Tuesday, February 21, 2006

25 things that will never happen in 2006

1. amitabh bachchan will retire from the big and small screens to devote more time to gardening.

2. the board of control for cricket in india will decide to switch loyalties and promote neglected sports like football and hockey instead.

3. bappi lahiri and anu malik will both come up with stunning, original compositions that will garner them international praise.

4. raj and uddhav thackeray will plan a big party and invite common friends to dance the night away.

5. lalu prasad yadav will decide to give up politics and concentrate on animal husbandry.

6. sonia gandhi will release a book of poems in hindi and invite atal bihari vajyapee to the launch.

7. film critics and audiences will agree on hits and misses at the box-office.

8. natwar singh will drop politics and attempt to kick-start a career in television by resurrecting an old game show called tol mol ke bol. he will decide to play host.

9. the ramsay brothers will sign a joint venture with dev anand to produce more films, horrifying audiences across the country even before shooting begins.

10. the government of maharashtra will reintroduce the ban on plastic. this time, they will actually stick to it.

11. gujarat will break away from india and become america’s fifty-first state. it will also rename itself goojer rath.

12. the jana gana mana bootylicious-babydoll-06 remix will hit music stores after composers realize it’s the only classic they haven’t fiddled around with.

13. narendra modi will opt for conversion and start introducing himself to members of parliament as anthony d’costa.

14. prominent politicians will throw press conferences and explain, in detail, how they have managed to accumulate their wealth.

15. telecom companies, municipalities and road development authorities across india will begin working in tandem, to ensure roads in major cities are dug up just once a year.

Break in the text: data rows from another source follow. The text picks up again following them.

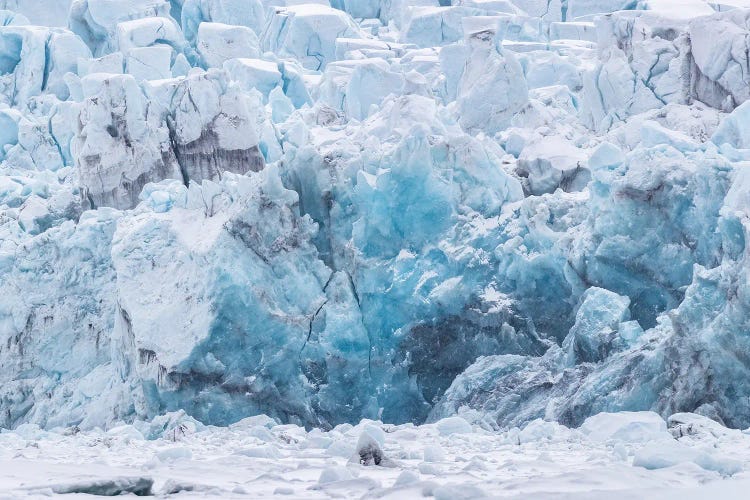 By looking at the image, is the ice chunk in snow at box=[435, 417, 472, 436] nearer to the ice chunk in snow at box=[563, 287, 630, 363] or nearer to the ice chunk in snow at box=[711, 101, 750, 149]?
the ice chunk in snow at box=[563, 287, 630, 363]

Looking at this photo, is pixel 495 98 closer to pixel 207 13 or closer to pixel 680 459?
pixel 207 13

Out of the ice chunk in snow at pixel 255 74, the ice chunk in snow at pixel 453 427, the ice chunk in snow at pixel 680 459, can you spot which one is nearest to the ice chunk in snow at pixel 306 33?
the ice chunk in snow at pixel 255 74

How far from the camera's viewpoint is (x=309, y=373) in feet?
28.5

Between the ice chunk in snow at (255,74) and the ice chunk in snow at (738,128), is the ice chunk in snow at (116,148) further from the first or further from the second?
the ice chunk in snow at (255,74)

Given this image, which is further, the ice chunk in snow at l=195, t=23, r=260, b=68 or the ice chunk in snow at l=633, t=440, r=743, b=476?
the ice chunk in snow at l=195, t=23, r=260, b=68

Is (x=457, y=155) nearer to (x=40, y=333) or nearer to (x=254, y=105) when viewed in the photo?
(x=40, y=333)

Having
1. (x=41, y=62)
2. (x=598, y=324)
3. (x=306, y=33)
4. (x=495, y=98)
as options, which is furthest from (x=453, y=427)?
(x=306, y=33)

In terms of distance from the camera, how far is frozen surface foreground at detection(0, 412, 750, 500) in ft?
11.8

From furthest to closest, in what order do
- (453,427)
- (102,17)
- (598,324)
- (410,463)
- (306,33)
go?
(306,33) < (102,17) < (598,324) < (453,427) < (410,463)

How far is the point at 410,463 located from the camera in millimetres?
4699

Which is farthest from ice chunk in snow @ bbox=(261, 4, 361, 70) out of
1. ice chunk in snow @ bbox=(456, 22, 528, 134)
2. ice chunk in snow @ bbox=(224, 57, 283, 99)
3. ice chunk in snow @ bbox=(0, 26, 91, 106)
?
ice chunk in snow @ bbox=(456, 22, 528, 134)

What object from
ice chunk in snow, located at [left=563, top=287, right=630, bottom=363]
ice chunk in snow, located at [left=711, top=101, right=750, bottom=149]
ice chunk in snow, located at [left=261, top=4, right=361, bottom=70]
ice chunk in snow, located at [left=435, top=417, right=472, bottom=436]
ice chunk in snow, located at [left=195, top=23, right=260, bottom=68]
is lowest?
ice chunk in snow, located at [left=261, top=4, right=361, bottom=70]

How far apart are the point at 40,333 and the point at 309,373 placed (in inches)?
115

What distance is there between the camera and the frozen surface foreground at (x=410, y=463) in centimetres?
359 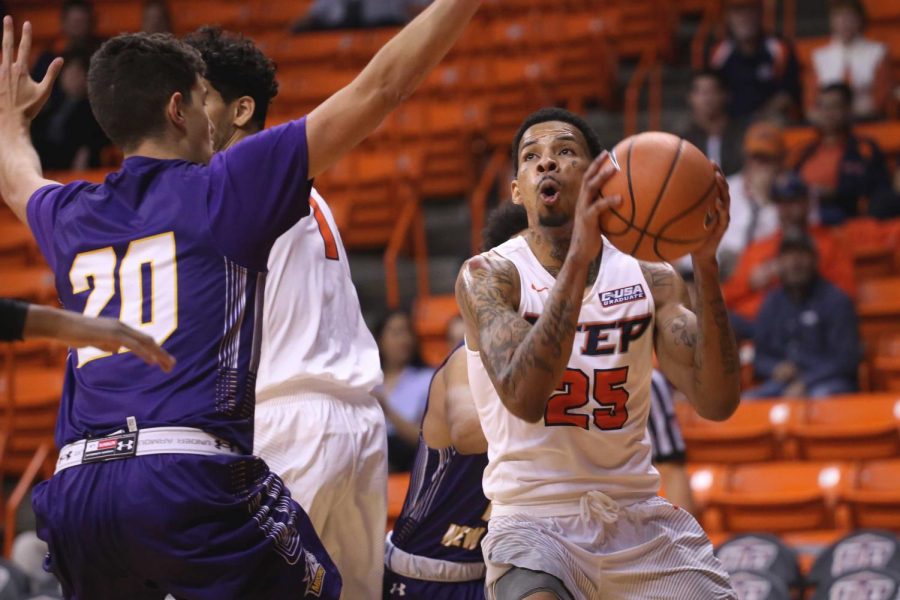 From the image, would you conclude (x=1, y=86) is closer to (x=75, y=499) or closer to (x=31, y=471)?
(x=75, y=499)

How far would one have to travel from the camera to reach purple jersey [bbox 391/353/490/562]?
5.50 metres

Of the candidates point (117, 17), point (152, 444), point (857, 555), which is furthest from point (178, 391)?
point (117, 17)

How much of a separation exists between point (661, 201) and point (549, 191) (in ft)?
2.46

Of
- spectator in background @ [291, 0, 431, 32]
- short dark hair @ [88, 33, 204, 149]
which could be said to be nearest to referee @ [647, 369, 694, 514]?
short dark hair @ [88, 33, 204, 149]

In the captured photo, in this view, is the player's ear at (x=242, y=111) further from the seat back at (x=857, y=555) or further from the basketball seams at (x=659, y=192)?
the seat back at (x=857, y=555)

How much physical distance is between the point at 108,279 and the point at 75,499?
2.02 ft

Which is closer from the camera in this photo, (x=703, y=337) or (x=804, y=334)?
(x=703, y=337)

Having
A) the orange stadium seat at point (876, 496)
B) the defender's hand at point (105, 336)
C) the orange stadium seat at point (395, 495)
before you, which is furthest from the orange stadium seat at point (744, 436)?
the defender's hand at point (105, 336)

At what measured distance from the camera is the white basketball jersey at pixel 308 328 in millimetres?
5059

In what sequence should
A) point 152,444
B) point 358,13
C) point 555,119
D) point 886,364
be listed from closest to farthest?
point 152,444 < point 555,119 < point 886,364 < point 358,13

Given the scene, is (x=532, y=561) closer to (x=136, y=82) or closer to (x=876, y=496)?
(x=136, y=82)

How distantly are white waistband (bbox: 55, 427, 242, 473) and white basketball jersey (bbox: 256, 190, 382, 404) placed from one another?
46.0 inches

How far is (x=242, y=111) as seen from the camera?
546 cm

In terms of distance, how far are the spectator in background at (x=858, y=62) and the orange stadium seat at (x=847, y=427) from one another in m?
4.23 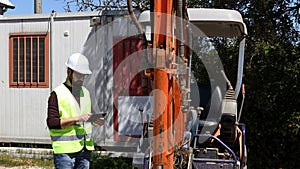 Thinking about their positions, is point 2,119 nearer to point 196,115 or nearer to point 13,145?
point 13,145

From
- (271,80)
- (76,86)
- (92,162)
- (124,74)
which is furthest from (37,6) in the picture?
(76,86)

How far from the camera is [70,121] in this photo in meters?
5.05

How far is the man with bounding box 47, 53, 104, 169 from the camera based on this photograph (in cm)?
509

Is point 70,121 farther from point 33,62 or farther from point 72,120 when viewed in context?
point 33,62

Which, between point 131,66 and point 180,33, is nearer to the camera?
point 180,33

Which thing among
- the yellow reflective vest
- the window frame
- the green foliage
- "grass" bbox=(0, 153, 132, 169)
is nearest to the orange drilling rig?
the yellow reflective vest

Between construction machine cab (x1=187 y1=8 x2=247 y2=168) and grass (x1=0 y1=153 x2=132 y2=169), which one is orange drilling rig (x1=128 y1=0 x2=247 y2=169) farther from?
grass (x1=0 y1=153 x2=132 y2=169)

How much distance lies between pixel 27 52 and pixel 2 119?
1.66 m

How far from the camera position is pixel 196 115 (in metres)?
5.95

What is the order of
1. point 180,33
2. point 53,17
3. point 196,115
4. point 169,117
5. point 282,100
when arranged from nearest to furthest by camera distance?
point 169,117 → point 180,33 → point 196,115 → point 282,100 → point 53,17

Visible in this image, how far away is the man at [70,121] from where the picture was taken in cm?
509

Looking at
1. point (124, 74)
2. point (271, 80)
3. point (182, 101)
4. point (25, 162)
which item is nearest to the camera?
point (182, 101)

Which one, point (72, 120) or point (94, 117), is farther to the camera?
point (94, 117)

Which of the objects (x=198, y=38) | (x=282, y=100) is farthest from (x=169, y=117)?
(x=282, y=100) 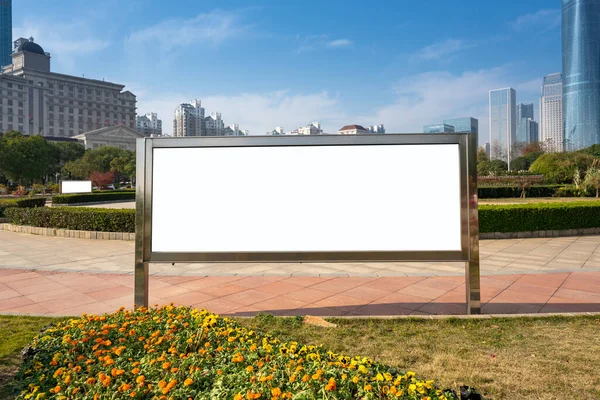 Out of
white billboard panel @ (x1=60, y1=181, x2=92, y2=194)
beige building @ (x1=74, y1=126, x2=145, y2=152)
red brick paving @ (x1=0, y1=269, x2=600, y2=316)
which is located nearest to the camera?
red brick paving @ (x1=0, y1=269, x2=600, y2=316)

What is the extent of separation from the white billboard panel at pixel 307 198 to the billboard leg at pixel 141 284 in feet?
0.84

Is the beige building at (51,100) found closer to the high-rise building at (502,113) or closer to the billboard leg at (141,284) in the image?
the billboard leg at (141,284)

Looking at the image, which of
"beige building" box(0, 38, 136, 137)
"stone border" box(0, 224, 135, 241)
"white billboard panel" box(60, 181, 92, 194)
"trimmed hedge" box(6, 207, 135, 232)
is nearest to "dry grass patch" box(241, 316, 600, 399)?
"stone border" box(0, 224, 135, 241)

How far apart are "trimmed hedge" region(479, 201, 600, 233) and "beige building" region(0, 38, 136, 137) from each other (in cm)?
12108

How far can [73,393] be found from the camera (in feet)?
7.97

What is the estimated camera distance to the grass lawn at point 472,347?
9.51 ft

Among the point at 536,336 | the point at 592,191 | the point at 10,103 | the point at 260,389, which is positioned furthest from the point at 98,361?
the point at 10,103

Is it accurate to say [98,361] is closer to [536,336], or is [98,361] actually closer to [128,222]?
[536,336]

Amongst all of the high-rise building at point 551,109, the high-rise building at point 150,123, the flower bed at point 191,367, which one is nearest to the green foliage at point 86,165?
the flower bed at point 191,367

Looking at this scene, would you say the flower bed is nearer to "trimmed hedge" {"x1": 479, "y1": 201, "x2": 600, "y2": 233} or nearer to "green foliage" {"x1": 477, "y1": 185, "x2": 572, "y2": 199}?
"trimmed hedge" {"x1": 479, "y1": 201, "x2": 600, "y2": 233}

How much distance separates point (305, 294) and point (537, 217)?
27.2 ft

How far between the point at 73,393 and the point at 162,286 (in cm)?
389

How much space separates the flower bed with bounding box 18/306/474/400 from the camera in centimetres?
227

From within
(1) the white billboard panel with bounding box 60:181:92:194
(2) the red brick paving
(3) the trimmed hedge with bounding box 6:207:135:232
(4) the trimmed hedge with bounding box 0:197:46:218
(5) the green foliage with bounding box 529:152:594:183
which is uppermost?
(5) the green foliage with bounding box 529:152:594:183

16. the election commission will pass a new rule insisting on literate candidates for elections. 90 per cent of all members of parliament will resign in protest after failing to meet the minimum criteria.

17. macho male film stars will realize that singing is best left to professionals.

18. the mayor of mumbai will do something of importance.

19. telemarketing agents will stop calling to find out if our cell phones operate on pre-paid or billing schemes.

20. the long-pending women’s reservation bill will finally be passed, after male politicians realize that women really are better administrators.

21. david dhavan will give us an intelligent film.

22. delhi will be india’s new centre for art, culture and all things thought-provoking.

23. l k advani will decide to produce a film called jinnah: also rising and will ask aamir khan to play the lead.

24. aamir khan will accept l k advani’s offer.

25.sri sri ravi shankar will tell the world the truth about how he has been a conman for two decades. he will then shoot himself on national television, unleashing a month-long celebration among the world's literate.